ある方が推薦していたので読んでみたのですが、「今までなぜこの作家を知らなかったのだろう?」と残念に思うほど夢中になって読んでいます。
SF小説です。
しかし、扱っている題材は共通しているようです。
それは、まさしく「自我について」。
まるで永井均さんの〈私〉を補足説明する副読本のような小説でした。
SFの世界では、あらゆる仮定が実現可能です。
そして、SFだけでなく、哲学もきっとそうなのでしょう。
(ただし、その「仮定」をひねり出すのが、どちらの分野でも非凡を必要とするのでしょうが。)
「ぼくになることを」というタイトルの短編は、自分の脳のコピーを自分の実際の脳と入れ替える習慣のある未来世界を描いています。

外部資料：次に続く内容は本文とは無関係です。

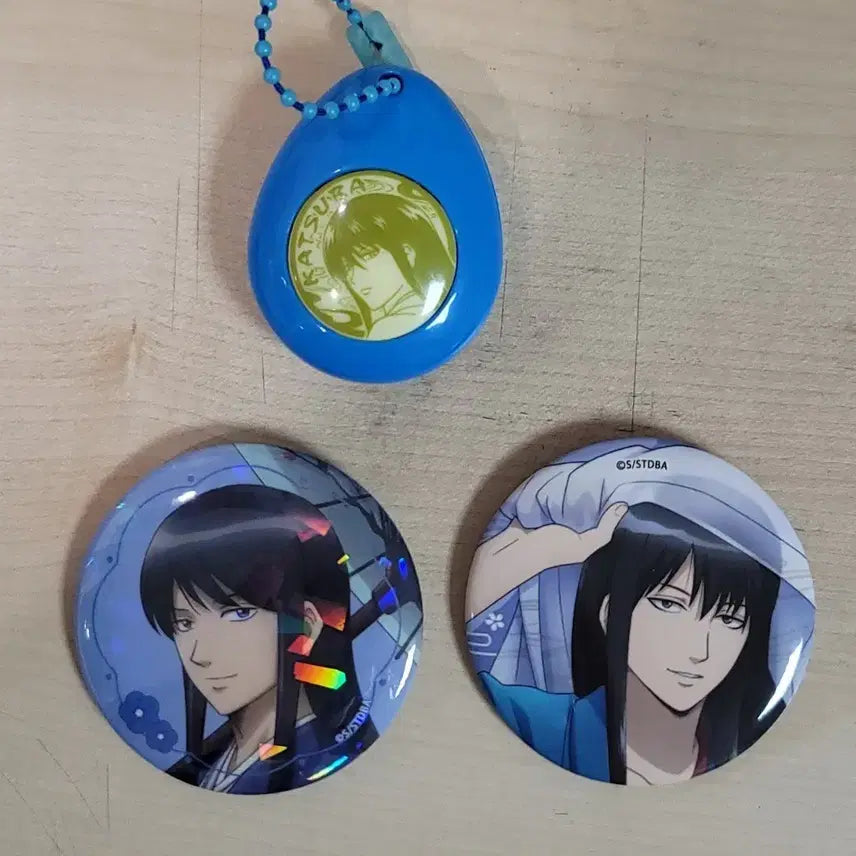 [BUNJANG] Gintama Katsura Voice Egg &amp; Can Badge Bundle / 은혼 카츠라 보이스에그, 캔뱃지 일괄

実際の脳が劣化しないうちにということで、30代になる前には入れ替えの儀式を迎える中で、コピーに入れ替わった自分は果たして自分なのか?という素朴な疑問を読者に問いかけてきます。
「貸金庫」という短編も、「自我」と「肉体」の同一性への疑問が投げかけられます。
グレッグ・イーガンの短編はどれも面白いのですが、私には深く考えることになって、少々重いかも知れません。(少なくとも爽やかな読後感ではありません。)
今、とても気になる作家です。少しずつ読んでいこうと思っています。